Description of the task
In the records below, find the line with "Männermodel trägt T-Shirt" and repeat exactly every line from it through the line with "kitchen with white". Pictures stay out.

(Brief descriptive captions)
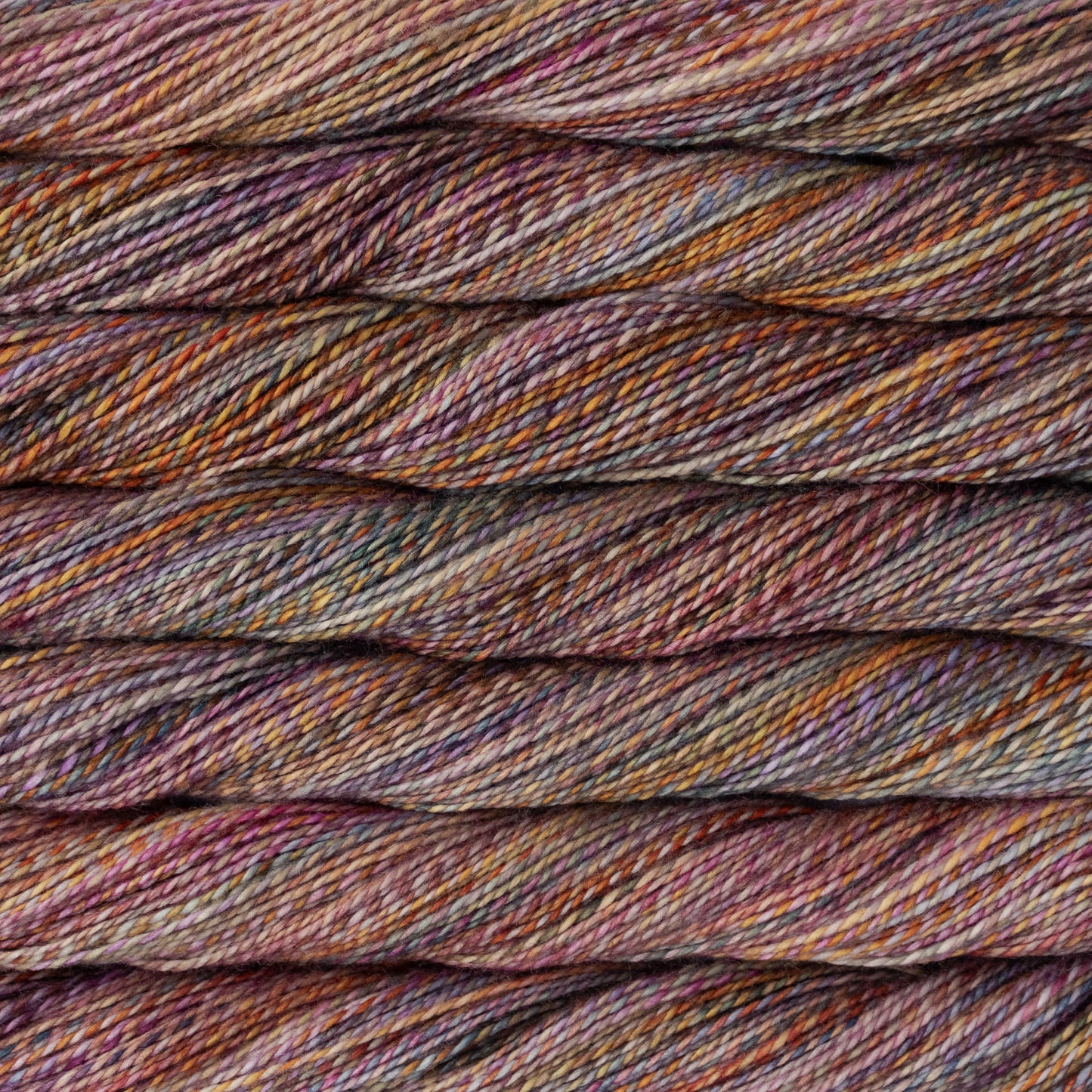 Close-up of twisted yarn strands in a variegated colorway using dusty purple, mauve, burgundy, brown, and warm orange-gold threads.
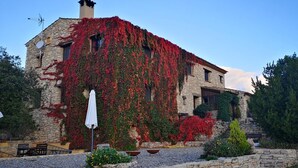 A stone building with red ivy covering the walls, a white umbrella, and outdoor seating. - More from lárlequí - Entire farmhouse (Rojals)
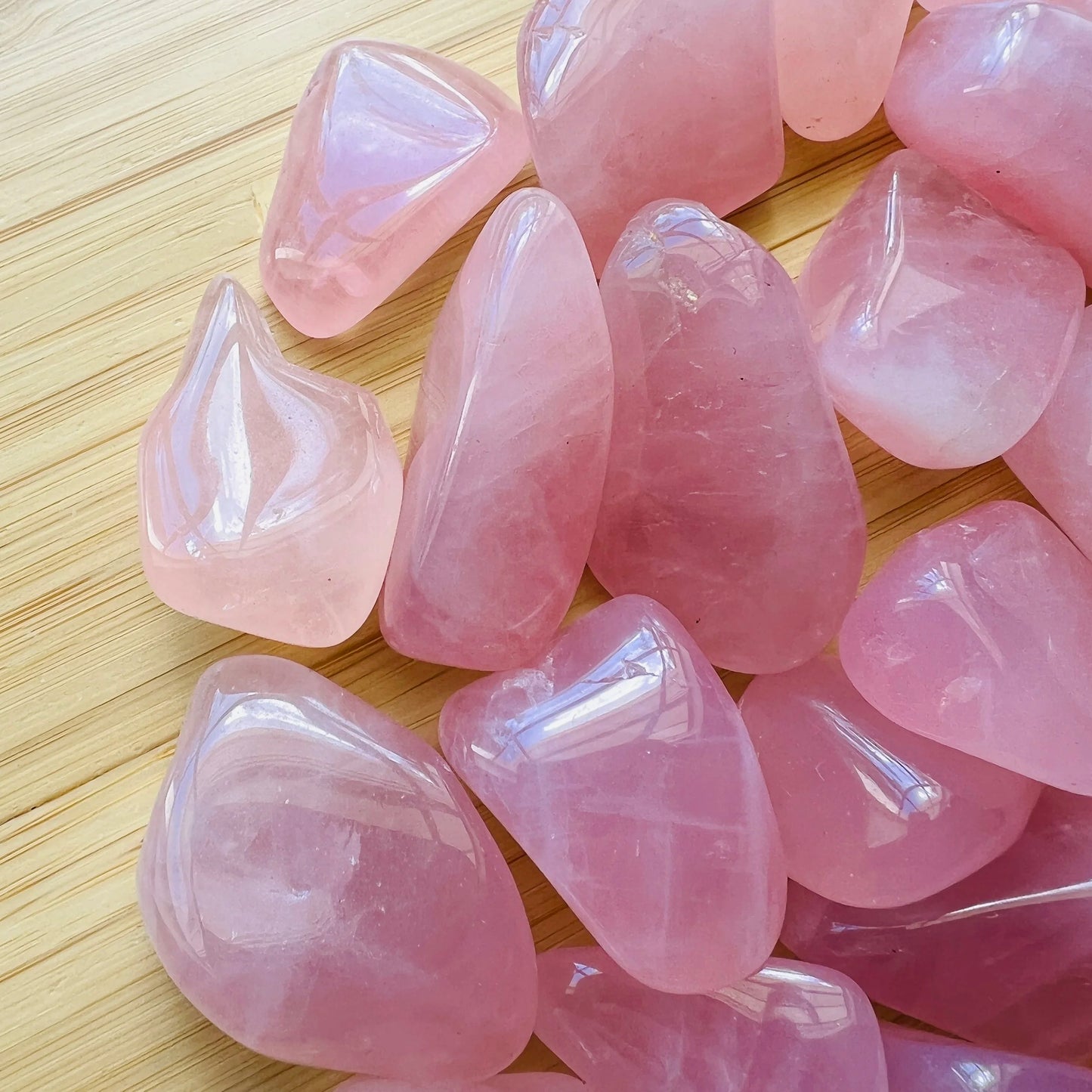 Profile shot of Grade AA pink Rose Quartz tumbled stone, from Vakinankaratra, Madagascar, showing glassy finish.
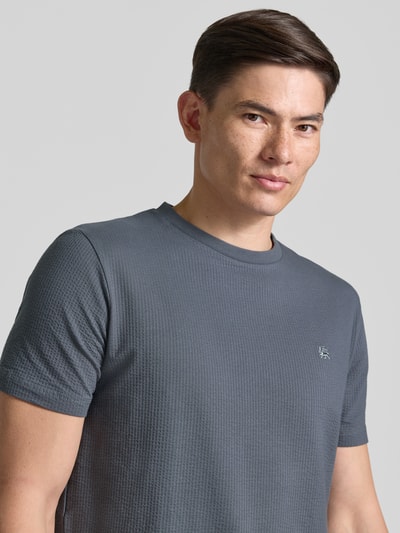 Männermodel trägt T-Shirt mit Strukturmuster und Logo-Stitching von Lerros, Baumwoll-Mix mit Stretch-Anteil, Nahaufnahme Oberkörper.
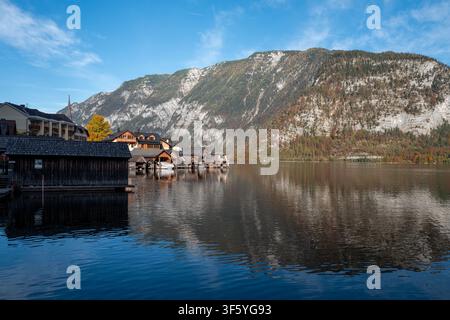 Lac alpin de Hallstatt, Autriche. Un village avec des maisons à bateaux en bois et une eau calme et réfléchissante sous un ciel bleu. Banque D'Images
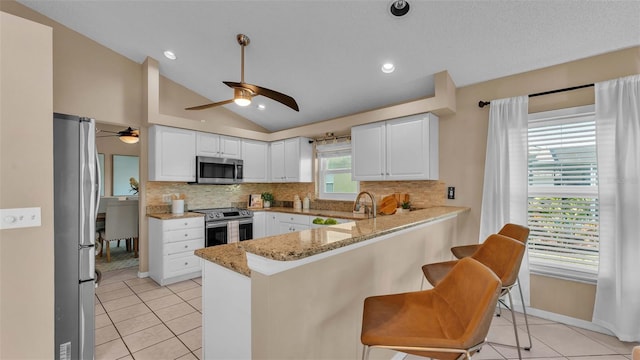 kitchen with white cabinetry, kitchen peninsula, appliances with stainless steel finishes, and vaulted ceiling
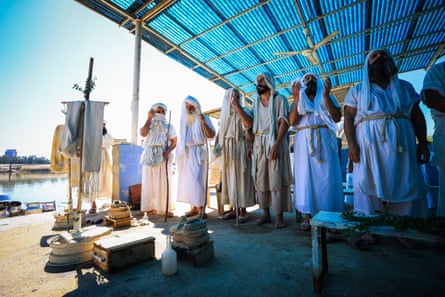 A group of people wearing white garments stand outside by water.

Written reply
 Männermodel trägt T-Shirt mit Strukturmuster und Logo-Stitching von Lerros, Baumwoll-Mix mit Stretch-Anteil, Nahaufnahme Oberkörper.
 Lac alpin de Hallstatt, Autriche. Un village avec des maisons à bateaux en bois et une eau calme et réfléchissante sous un ciel bleu. Banque D'Images
 kitchen with white cabinetry, kitchen peninsula, appliances with stainless steel finishes, and vaulted ceiling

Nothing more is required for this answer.